A Win for Rights, but the Struggle Goes On
By on March 20, 2017
These rulings, like those that blocked the first order, come as a great relief to refugees, immigrants, Muslim Americans, and everyone who cares about our country’s values of individual rights and equal treatment.
Two key rulings by federal judges in Hawaii and Maryland last week have temporarily halted the implementation of the President’s second attempt at a “travel ban”—widely referred to as the Muslim Ban 2.0. These rulings, like those that blocked the first order, come as a great relief to refugees, immigrants, Muslim Americans, and everyone who cares about our country’s values of individual rights and equal treatment.

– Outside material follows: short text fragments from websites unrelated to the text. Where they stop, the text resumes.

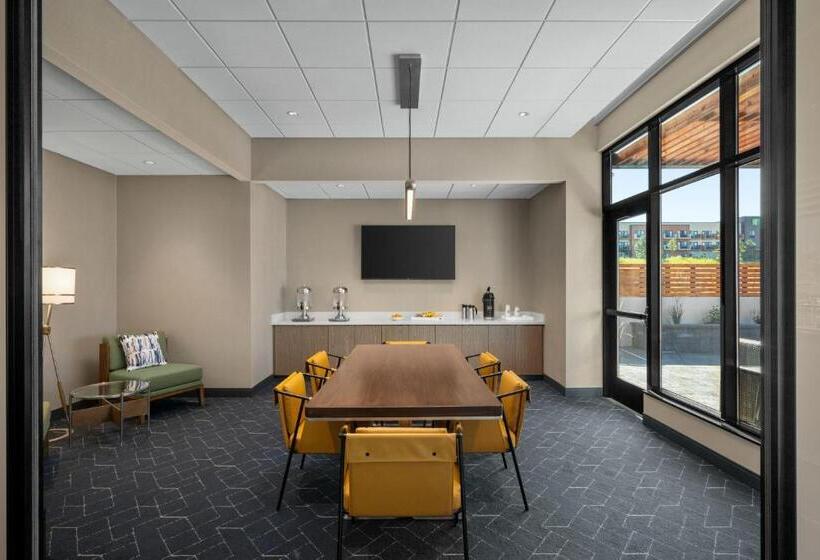 هتل Courtyard By Marriott Pocatello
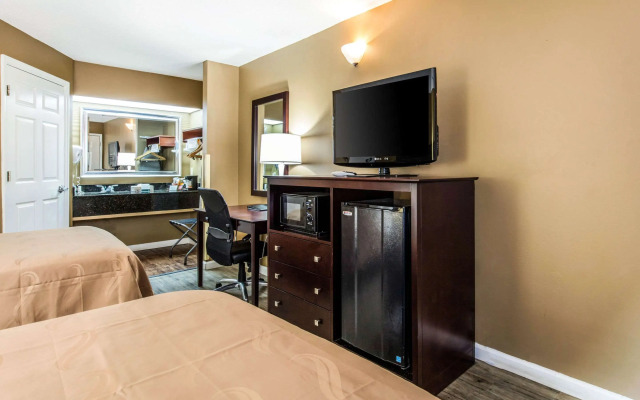 Quality Inn Bessemer I-20 exit 108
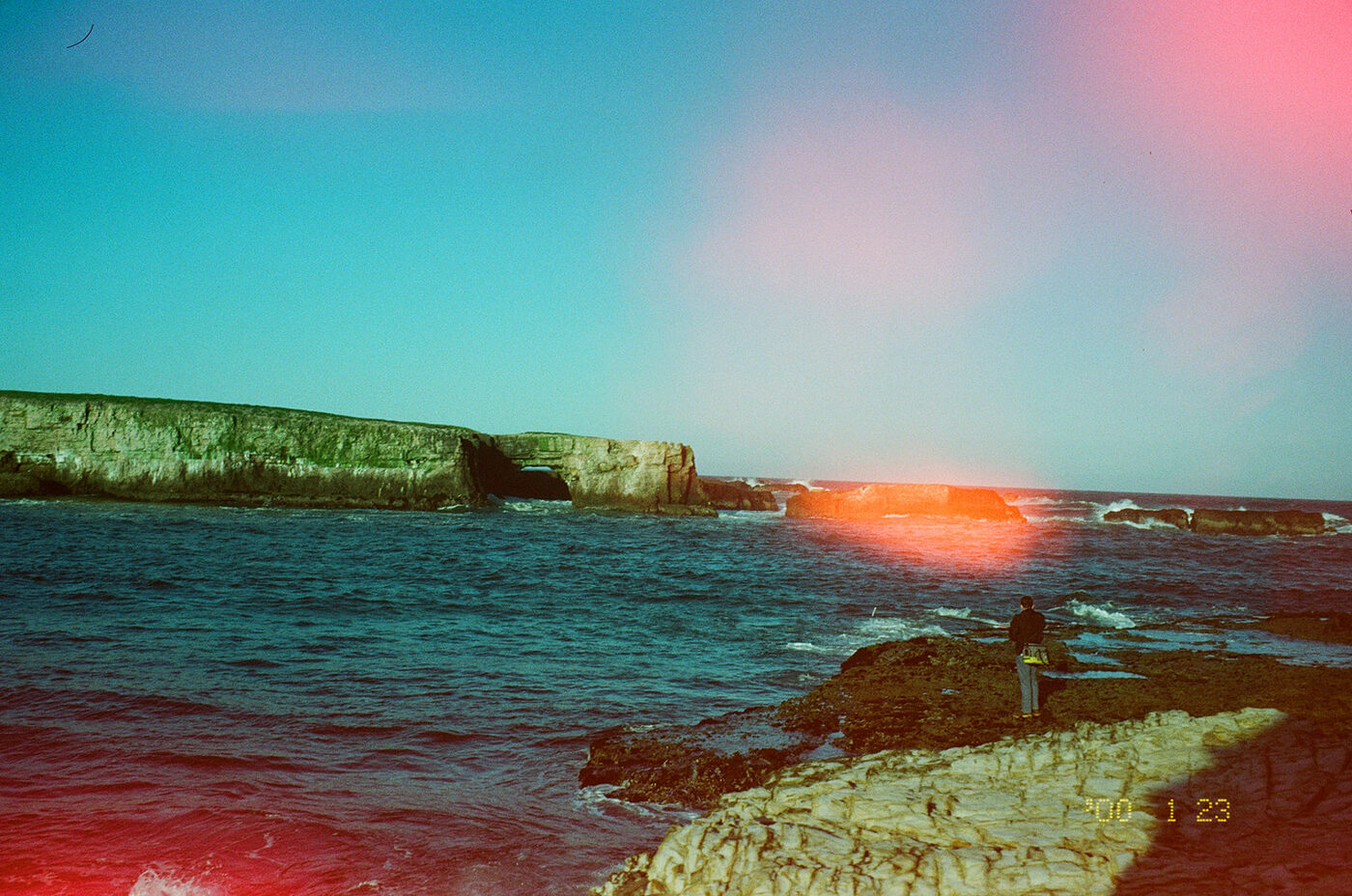 Point and shoot, frame 14 — photograph by Pascale Arahia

Under these rulings, refugees in the United States will be able to reunite with their family members without fear of being denied a visa purely because of their nationality, people who have applied for third-country refugee processing in Costa Rica will no longer be stranded in limbo, and some refugee children in Central America who have already spent months or longer waiting in deadly conditions will again board flights to safety.
Too close for comfort
As crucial as these rulings were, however, they should never have been the only thing standing between people and the loss of their rights. The first ruling came down only a few hours before the ban was set to go into effect. Refugees, visa applicants, and nationals of six Muslim-majority countries were left staring down a precipice of possible family separation and years of processing delays up until the last minute. This was far too close a call.
Neither ruling offers permanent relief from these fears. They are both temporary restraining orders and could be lifted on appeal. The administration has already made clear its intent to fight the rulings, and Trump has suggested that he may return to the, even more discriminatory, version of the first order.
Moreover, the ban, even if permanently blocked, has already had a chilling effect on the lives and prospects of refugees. Since January, the Department of Homeland Security (DHS) has stopped conducting new interviews with child refugees applying for the Central American Minors program (CAM), even though the executive orders were supposedly on hold. Asylum-seekers from Africa and the Middle East have been fleeing the United States for Canada in significant numbers, enduring a frigid and dangerous journey on their way, because of the U.S. government’s undisguised hostility to their rights. And none of these court rulings will affect the administration’s other executive orders and implementation guidelines that continue to target immigrants and asylum-seekers.
What did the courts decide?
In many ways, the refugee ban has been foiled so far because of the President’s own rhetoric. The courts did not have to look hard for evidence of discriminatory intent for the actions of this administration. In fact, they relied on the President’s campaign statements that he would seek “a total and complete shutdown of Muslims entering the United States” and that “Islam hates us.” Both cited Trump’s comments in interviews that he only stopped referring to a Muslim ban in public because “[p]eople were so upset when I used the word Muslim” that he decided to “talk […] territory instead of Muslim.” Further, administration officials have been quoted stating that the second executive order was meant to accomplish the same purpose as the first, even as the first was under a nationwide injunction because of its discriminatory purpose.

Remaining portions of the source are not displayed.